> _ABOUT THIS TASK_: Show each line of the data below in which "Gray" occurs.
*** GIVEN DATA ***
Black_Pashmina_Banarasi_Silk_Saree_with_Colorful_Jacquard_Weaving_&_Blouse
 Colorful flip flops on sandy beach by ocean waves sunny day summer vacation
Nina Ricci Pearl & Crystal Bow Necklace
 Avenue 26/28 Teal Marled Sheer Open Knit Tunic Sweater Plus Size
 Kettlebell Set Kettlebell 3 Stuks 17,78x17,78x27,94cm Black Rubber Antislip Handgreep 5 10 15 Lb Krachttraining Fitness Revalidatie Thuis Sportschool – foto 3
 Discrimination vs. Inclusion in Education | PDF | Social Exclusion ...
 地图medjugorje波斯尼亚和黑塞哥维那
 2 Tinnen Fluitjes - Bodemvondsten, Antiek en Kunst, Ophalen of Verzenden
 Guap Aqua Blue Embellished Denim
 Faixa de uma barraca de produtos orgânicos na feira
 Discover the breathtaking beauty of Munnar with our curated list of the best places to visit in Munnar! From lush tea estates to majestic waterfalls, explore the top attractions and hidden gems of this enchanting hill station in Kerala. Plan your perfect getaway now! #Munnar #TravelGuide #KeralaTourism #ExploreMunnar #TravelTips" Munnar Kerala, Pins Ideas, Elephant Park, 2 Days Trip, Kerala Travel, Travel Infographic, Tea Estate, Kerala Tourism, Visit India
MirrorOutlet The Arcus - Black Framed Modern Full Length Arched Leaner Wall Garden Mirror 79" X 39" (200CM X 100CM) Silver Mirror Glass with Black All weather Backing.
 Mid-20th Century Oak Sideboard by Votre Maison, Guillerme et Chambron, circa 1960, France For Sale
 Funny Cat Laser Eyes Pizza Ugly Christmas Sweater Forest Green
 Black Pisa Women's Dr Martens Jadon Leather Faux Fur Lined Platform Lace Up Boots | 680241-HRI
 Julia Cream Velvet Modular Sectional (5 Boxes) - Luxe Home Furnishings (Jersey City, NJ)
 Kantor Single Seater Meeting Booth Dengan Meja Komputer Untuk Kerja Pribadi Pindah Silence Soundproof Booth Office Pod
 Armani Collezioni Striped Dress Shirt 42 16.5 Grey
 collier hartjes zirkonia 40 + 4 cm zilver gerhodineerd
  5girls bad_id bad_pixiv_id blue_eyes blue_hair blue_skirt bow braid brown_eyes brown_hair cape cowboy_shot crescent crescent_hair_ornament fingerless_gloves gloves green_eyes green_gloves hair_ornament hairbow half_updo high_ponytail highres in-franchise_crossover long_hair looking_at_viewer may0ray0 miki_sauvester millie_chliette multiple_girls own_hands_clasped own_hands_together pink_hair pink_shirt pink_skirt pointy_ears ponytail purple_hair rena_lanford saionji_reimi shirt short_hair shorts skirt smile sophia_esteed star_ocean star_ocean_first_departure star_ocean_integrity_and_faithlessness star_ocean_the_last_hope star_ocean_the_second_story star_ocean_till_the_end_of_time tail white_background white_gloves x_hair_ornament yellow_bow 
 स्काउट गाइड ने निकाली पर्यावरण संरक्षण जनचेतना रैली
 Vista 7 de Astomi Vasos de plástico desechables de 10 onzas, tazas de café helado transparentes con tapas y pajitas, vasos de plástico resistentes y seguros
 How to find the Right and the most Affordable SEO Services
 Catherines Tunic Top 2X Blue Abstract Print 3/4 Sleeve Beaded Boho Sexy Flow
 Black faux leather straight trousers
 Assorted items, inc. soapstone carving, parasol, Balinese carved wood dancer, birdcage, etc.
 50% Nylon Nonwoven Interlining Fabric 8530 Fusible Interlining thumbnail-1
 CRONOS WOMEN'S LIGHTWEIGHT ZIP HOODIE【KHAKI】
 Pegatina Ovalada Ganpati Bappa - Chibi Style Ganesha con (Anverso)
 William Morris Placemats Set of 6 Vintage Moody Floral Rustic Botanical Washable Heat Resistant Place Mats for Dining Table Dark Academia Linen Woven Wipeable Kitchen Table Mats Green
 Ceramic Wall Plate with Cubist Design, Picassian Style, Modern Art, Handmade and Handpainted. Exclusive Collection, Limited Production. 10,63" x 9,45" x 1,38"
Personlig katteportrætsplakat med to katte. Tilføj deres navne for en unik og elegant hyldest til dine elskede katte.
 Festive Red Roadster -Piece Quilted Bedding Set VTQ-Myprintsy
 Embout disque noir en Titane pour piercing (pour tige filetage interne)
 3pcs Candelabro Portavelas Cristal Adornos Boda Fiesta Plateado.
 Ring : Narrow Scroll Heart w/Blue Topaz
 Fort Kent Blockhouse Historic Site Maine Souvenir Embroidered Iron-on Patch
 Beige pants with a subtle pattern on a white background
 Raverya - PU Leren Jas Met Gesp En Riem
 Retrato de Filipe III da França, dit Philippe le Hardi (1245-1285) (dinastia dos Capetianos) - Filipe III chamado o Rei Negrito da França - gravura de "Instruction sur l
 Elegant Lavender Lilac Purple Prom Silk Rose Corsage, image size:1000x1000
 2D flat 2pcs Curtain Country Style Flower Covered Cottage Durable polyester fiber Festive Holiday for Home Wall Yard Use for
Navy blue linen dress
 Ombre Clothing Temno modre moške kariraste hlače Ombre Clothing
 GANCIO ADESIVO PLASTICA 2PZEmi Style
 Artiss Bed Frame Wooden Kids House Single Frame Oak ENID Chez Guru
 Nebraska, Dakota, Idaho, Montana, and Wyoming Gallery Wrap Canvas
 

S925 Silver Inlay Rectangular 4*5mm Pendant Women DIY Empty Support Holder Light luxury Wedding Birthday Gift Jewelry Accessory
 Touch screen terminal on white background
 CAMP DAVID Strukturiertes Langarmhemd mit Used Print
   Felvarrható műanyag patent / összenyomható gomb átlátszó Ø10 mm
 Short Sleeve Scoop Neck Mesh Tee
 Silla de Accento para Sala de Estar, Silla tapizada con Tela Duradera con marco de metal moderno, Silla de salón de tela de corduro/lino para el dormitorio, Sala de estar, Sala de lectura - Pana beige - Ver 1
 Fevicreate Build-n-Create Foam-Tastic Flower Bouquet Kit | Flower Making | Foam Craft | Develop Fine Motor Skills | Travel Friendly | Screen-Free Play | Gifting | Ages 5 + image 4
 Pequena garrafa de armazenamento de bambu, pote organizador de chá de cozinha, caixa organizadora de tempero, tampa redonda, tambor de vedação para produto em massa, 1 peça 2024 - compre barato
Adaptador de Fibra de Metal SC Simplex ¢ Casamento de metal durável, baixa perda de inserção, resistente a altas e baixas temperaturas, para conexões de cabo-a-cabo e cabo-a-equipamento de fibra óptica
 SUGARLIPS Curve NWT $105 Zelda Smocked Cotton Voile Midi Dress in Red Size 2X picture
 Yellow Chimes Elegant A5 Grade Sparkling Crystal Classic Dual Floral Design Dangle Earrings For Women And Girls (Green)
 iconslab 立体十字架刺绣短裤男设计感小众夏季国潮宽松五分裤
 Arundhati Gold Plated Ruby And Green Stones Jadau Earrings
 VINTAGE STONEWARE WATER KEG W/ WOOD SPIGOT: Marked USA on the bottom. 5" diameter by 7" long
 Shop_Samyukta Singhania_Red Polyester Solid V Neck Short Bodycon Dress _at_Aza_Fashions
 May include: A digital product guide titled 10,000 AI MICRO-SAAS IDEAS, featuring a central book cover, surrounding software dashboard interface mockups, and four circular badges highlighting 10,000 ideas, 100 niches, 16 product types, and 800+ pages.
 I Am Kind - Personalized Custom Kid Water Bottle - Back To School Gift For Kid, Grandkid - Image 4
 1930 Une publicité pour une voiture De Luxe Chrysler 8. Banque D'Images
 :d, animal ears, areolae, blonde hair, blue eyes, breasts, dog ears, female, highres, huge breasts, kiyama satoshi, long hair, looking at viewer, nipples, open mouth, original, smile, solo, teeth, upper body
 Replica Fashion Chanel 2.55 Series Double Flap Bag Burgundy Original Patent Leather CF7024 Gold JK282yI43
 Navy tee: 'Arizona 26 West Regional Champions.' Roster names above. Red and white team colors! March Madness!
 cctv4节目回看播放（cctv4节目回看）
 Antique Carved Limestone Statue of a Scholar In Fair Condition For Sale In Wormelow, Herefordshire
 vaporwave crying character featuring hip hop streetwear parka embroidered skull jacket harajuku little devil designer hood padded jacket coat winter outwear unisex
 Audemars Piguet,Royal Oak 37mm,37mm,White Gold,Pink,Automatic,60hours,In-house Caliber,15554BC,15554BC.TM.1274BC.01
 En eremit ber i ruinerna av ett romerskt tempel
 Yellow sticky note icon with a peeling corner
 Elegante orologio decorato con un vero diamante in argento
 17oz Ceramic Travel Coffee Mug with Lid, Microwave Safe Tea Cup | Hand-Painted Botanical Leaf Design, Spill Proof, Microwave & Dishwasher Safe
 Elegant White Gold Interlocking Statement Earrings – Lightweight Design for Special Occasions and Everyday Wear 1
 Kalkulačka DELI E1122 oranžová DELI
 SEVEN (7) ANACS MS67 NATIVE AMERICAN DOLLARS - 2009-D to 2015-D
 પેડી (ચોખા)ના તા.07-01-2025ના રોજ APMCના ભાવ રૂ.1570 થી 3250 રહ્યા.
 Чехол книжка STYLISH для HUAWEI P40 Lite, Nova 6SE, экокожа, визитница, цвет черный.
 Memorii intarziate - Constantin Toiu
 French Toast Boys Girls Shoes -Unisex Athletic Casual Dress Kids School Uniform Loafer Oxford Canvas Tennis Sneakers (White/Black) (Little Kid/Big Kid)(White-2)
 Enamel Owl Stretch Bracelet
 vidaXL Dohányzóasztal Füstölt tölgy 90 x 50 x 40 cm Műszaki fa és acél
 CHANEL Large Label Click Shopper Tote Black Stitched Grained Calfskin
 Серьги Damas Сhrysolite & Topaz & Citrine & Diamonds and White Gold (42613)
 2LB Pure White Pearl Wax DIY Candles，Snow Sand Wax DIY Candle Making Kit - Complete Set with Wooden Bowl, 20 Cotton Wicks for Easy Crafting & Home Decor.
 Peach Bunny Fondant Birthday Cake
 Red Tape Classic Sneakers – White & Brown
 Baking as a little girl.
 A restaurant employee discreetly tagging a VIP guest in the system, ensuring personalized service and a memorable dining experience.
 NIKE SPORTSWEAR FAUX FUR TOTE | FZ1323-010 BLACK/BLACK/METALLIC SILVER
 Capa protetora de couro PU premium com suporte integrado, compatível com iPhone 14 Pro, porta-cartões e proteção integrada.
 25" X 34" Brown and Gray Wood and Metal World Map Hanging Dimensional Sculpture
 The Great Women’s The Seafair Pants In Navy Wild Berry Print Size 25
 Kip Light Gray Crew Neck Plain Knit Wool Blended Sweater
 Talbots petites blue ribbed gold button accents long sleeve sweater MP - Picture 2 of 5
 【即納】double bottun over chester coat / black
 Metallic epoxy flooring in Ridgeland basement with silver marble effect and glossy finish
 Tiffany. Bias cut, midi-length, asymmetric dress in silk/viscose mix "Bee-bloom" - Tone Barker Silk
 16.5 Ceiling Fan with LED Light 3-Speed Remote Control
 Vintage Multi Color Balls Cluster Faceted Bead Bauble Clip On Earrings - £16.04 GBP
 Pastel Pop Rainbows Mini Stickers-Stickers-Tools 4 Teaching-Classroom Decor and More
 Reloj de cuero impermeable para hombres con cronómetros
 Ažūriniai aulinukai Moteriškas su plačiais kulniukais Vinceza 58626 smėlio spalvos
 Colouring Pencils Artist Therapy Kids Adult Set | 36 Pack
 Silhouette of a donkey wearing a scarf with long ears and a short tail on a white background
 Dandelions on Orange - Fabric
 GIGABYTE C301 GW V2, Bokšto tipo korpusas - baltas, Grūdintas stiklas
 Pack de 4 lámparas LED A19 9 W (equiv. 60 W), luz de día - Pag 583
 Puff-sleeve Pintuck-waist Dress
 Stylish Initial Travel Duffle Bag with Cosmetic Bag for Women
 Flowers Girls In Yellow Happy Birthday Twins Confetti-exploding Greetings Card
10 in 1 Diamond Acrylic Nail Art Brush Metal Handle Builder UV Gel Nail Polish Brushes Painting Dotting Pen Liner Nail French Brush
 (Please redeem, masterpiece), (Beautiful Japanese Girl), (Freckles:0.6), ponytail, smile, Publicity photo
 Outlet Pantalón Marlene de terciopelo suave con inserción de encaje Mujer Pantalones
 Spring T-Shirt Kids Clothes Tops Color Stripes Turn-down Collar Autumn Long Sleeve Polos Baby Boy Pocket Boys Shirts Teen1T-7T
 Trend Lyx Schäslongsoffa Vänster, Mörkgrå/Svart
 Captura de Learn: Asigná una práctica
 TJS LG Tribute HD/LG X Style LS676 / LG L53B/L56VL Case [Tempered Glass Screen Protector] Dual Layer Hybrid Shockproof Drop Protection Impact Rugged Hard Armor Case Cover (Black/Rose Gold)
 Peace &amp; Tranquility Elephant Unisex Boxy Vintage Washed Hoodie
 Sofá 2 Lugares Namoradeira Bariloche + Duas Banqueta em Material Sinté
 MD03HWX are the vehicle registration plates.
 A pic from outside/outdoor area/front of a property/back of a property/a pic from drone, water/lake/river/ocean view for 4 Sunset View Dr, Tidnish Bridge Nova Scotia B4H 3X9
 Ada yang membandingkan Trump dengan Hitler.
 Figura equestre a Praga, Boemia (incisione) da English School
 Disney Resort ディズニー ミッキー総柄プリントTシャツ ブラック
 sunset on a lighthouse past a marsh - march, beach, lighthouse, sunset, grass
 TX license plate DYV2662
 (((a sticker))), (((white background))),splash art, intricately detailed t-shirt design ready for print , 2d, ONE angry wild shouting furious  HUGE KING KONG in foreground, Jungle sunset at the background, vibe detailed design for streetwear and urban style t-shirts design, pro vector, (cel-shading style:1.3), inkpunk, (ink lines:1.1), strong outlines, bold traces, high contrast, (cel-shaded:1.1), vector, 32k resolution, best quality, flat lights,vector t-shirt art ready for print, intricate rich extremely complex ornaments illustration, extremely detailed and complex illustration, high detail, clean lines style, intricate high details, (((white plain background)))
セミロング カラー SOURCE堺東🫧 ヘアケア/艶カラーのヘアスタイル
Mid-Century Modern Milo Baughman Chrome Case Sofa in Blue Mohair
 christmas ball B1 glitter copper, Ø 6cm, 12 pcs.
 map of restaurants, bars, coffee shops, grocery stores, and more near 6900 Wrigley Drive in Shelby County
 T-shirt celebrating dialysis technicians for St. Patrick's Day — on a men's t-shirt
***
> _TASK OUTPUT_:
 25" X 34" Brown and Gray Wood and Metal World Map Hanging Dimensional Sculpture
 Kip Light Gray Crew Neck Plain Knit Wool Blended Sweater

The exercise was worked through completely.